Pada akhirnya, bagi Rina teman yang baik itu selalu ada memberikan tambahan penghasilan tak terduga meski harus dibayar dengan kesabarannya. Tapi tidak apa-apa, setiap perbuatan pasti ada bayarannya dan perbuatan Dini dibayar dengan uang serta rasa malu.
"Din, nanti pulang sekolah ikut aku ya. Yang lain kalau mau ikut juga boleh kok. Biar kalian tahu mengapa aku sabar kalian tuduh bodoh dan terkesan dirundung." Kata Rina tegas. Ia menatap Dini dan teman sekelasnya. "Weuh..." Usai melenguh Rina melirik Kak Rifki. Kemudian berlalu menuju kelasnya.
Uji kecerdasan itu berakhir di tangan Kak Rifki. Rina agak kecewa. Ia khawatir tak bisa membantu mereka lagi. Padahal uang perundungan itu sangat mereka butuhkan. Meski Rina harus berlagak tulalit dan dinilai bodoh oleh teman-temannya Dini.
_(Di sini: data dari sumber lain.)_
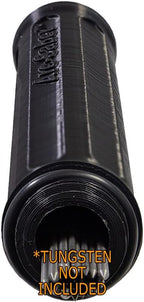 Arc-Saber Tungsten Electrode Storage Solution with Magnetic Base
Petualangannya menolong ibu dan empat anak itu di ujung tanduk. Meski Rina yakin pertolongan Allah paling utama. Namun, beberapa bulan ini, ia sudah nyaman dicap bodoh demi membantu mereka. Perjuangannya ibarat sebatang lilin menyala. Tubuh terbakar dan meleleh demi menerangi orang lain.
Sebetulnya peran ini tak ia sadari. Allah mempertemukannya kembali dengan ibu dan anak itu di jalan dekat gang rumahnya ketika pulang sekolah esok harinya. Rina pun diam-diam mengikuti mereka.
Mereka ternyata tinggal jauh di pelosok dekat hutan tak terjamah di belakang perumahan warga. Ia sendiri baru tahu akan hutan itu. Di balik sebuah bukit kecil gundul di tepi hutan itu ternyata ada sungai. Di tepi sungai itu berdirilah pondok kecil ibu dan empat anaknya.
Sebetulnya pondok itu tak layak di huni. Papan dinding sudah keropos. Atap seng sudah mulai patah-patah karena karat dan lapuk. Namun, pekarangan pondok bersih dan terawat. Ada bermacam sayur ditanam di sekitar pondok.
Sejak itu, ia mengintai si ibu lewat di gang. Ketika bertemu, ia pun menyerahkan uang permainan itu. Sejak itu ia ketagihan menolong ibu dan empat anak itu.
Pulang sekolah Dini dan teman-temannya serta Kak Rifki dan teman-temannya juga mendapati Rina di kelasnya. Rina takjub menatap mereka semua. "Yakin semua mau ikut?" Tanya Rina sambil menunjuk mereka semua. Semua mengangguk dan ada yang mengeluarkan jempol.
Mereka pun melangkah. Keringat dingin mulai meleleh di kening, pelipis, hidung, leher, tubuh, bahkan ketek mereka basah. Meski sudah hampir sore tetap panas dan lelah karena jauhnya berjalan.
Kegelisahan mulai mendera Dini dan teman sekelasnya. Wajar karena mereka anak-anak orang kayah. Mana pernah berjalan kaki sejauh ini. Joging pun paling muter-muter di sekitar pusat kota.